Stored records:
_ _ _ _ _
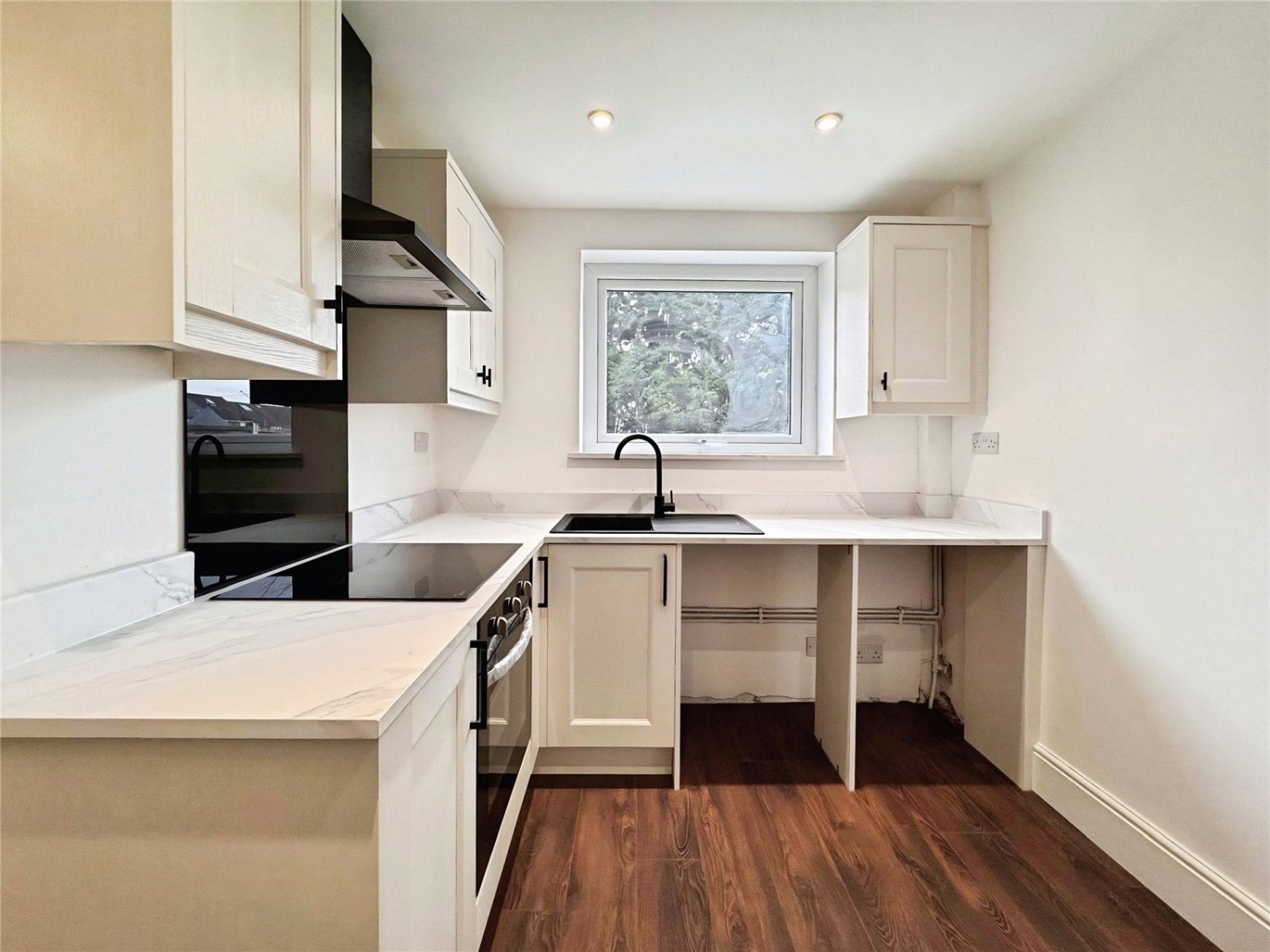 Knowsley, Prescot, Merseyside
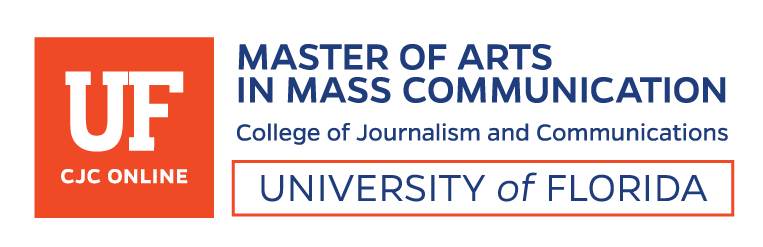 2021 Online Master's in Communication Programs | MastersInCommunications.org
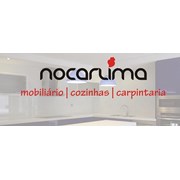 Nocarlima - Carpintaria e Móveis do Lima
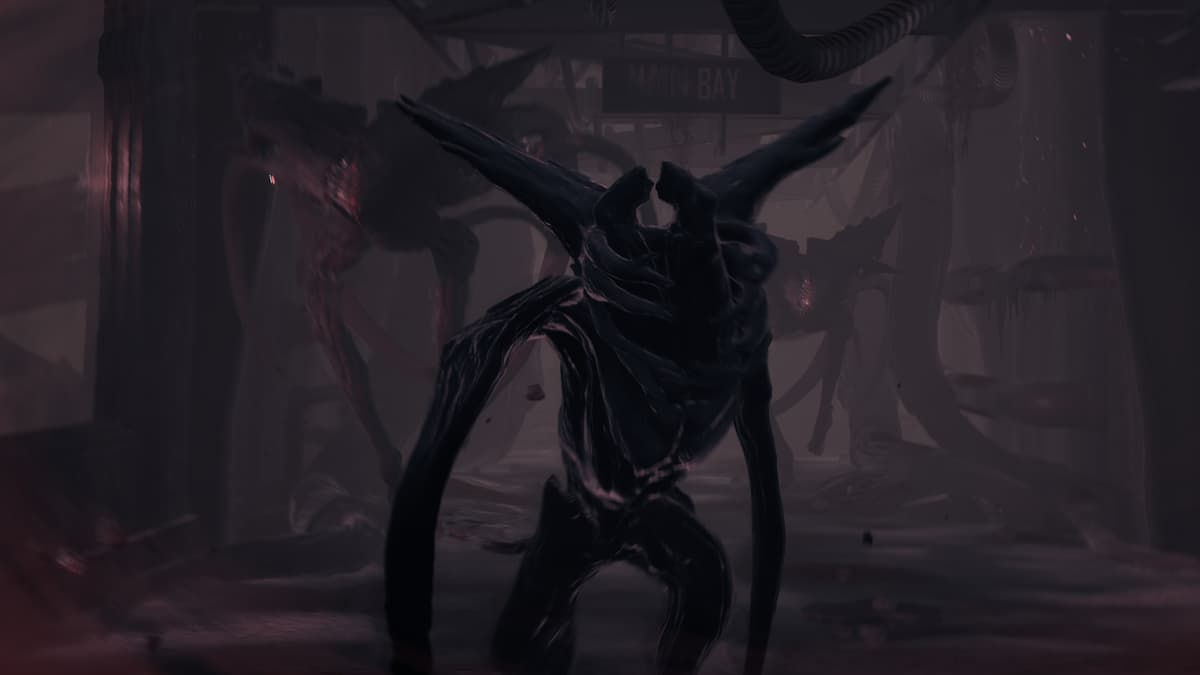 Picture of Remnant: From the Ashes - Subject 2923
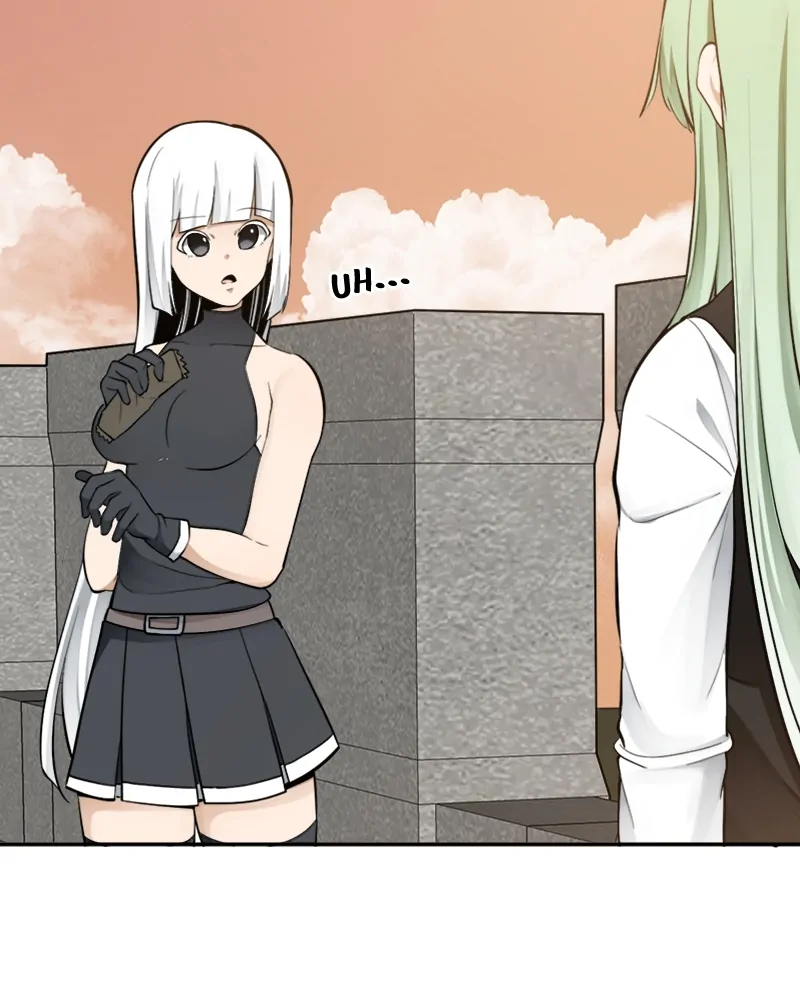 Page 39 of Chapter 74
_ _ _ _ _
◆ WORK TO BE COMPLETED ◆
Your task is to retype, exactly and only, the lines from the line holding "Nocarlima - Carpintaria e Móveis do Lima" through the final line of the data above, with both ends kept. Drop the pictures.

◆ ANSWER BELOW ◆
 Nocarlima - Carpintaria e Móveis do Lima
 Picture of Remnant: From the Ashes - Subject 2923
 Page 39 of Chapter 74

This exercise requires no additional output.